(Radio Iowa News) – Its first set of Iowa polls were released late last week, with favorability ratings for the candidates who’ve said they will or may run for Iowa’s U.S. Senate seat in 2014. Peter Brown is the assistant director of the Quinnipiac (pronounced KWIN-uh-pee-ack) University institute that conducts the polling. Brown says by asking if Iowans have a favorable or unfavorable impression of a person, you find out how well known that person is statewide.
“We’re obviously 18 months away from the election, but as we get closer, we’ll do match-ups, both (for the) Primary and General Election,” Brown says.
The poll conducted last week found a majority of Iowans have yet to form an opinion about the candidates who have put their names forward for Iowa’s 2014 U.S. Senate race. Quinnipiac University uses live callers and they telephone people on land lines and cell phones. In 2014, the university will conduct a poll in Iowa once every six or eight weeks.
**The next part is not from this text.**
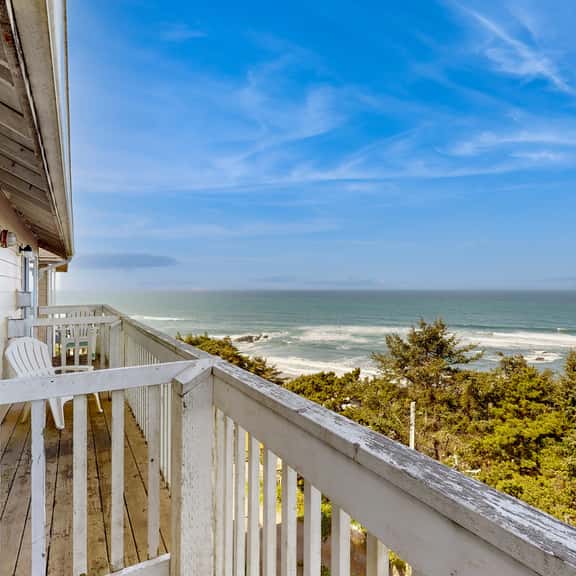 Dog Friendly Studio with Ocean Views WiFi and Nearby Beach Access - Image 1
“Universities do all kinds of research. Some look at fruit flies. Some do business strategies. We do public opinion research,” Brown says. “Quinnipiac is the largest private university in the state of Connecticut. It has roughly 6000 undergraduates and it prides itself in being the nation’s leader in terms of public opinion polling.”
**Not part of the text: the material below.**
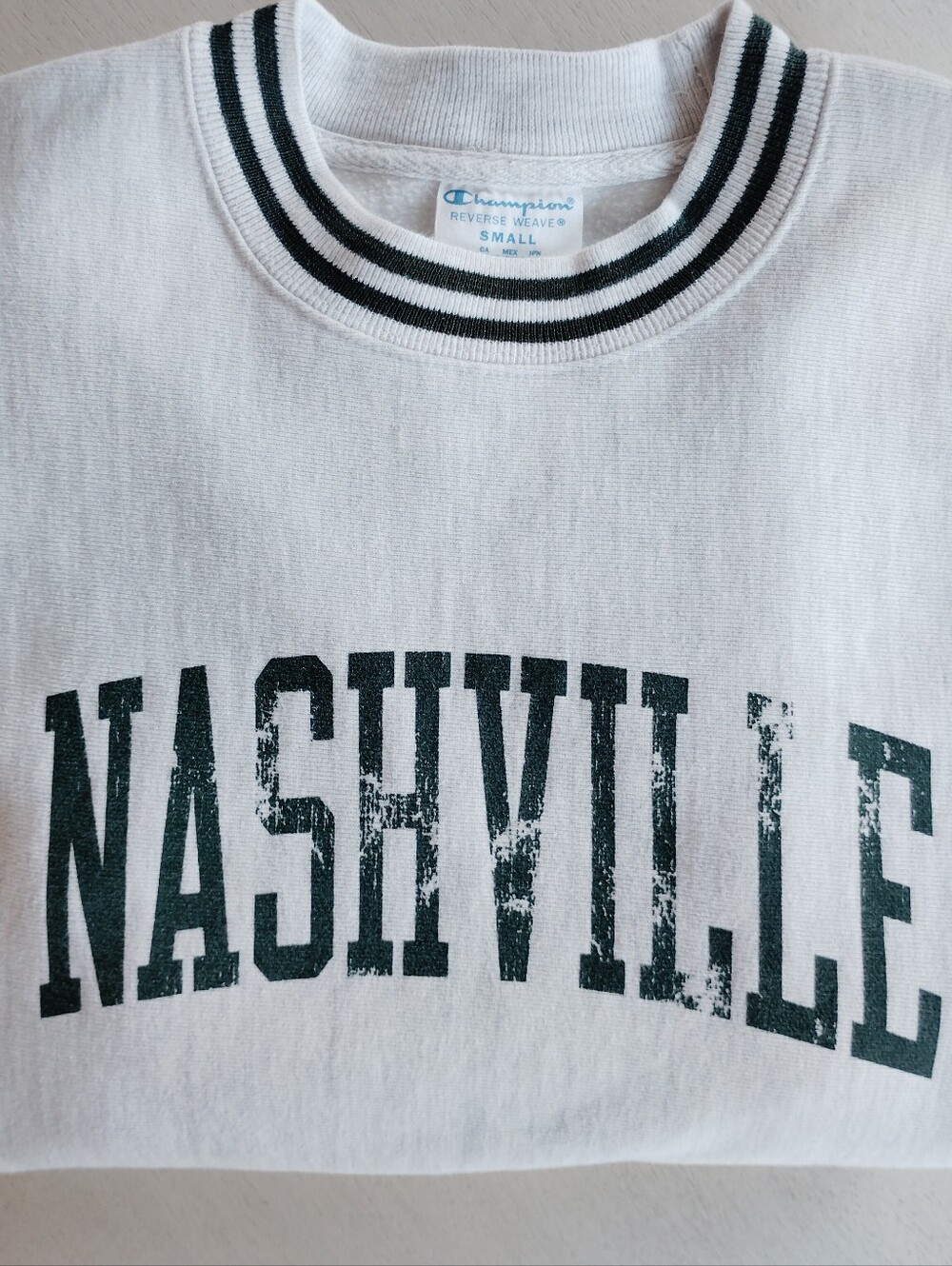 Champion Reverse Weave Crew Neck Nashville Sweatshirt / Size Small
Quinnipiac researchers have been doing polling in the states of Pennsylvania, New York, New Jersey, Connecticut, Florida, Ohio and Virginia. Brown says the university expanded its portfolio into Iowa because Iowa has been among the “swing” states in presidential elections and because Iowa’s Caucuses are the opening event of the presidential election season.
The Quinnipiac polling data released late last week showed President Obama’s job approval rating at 45 percent in Iowa. Governor Terry Branstad’s job approval stood at 49 percent, with 43 percent of those surveyed saying he should not seek a sixth term. Forty-two percent said Branstad should run again.